Research with NMS shows the value of after hours events
Museums have moved away from their traditional role as collectors and conservators of artefacts of historical importance to become more audience-focused visitor attractions. It’s a position that reflects an increasingly competitive tourism environment – and their reliance on public sector finance.
The shift has led to the wider recognition of cultural heritage as a major contributor to the economy.
This obligation to meet the needs and wants of visitors has resulted in an improved museum experience, where museums are increasingly offering specially curated after-hours event experiences to attract, engage and retain new audiences, such as Generation Y (those aged between 20-35).
Edinburgh Napier University conducted research using National Museums Scotland as a case study, to explore the effectiveness of after-hours events in attracting, engaging and retaining new museum audiences and to apply audience development and visitor attraction management theories.
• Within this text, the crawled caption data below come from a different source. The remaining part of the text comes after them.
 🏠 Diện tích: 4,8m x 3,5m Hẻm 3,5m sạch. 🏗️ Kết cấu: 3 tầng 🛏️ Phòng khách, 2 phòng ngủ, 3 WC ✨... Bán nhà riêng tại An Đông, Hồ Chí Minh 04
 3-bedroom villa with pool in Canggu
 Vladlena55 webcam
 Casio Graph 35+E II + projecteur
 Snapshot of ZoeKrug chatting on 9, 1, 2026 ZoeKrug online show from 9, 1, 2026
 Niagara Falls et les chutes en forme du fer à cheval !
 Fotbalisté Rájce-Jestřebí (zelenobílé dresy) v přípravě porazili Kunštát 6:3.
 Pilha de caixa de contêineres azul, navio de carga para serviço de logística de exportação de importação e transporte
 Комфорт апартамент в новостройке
Following a comprehensive narrative literature review, the research team from The Business School employed qualitative semi-structured interviews and a quantitative on-line self-completion survey to collect the necessary data.
The research findings suggest that after-hours events have been successful in attracting and engaging new museum audiences (particularly young adults) and encouraging repeat visits, therefore achieving the event and museum objectives. It is also seen that products designed specifically for one new audience may have broader appeal in engaging with other new and established audiences.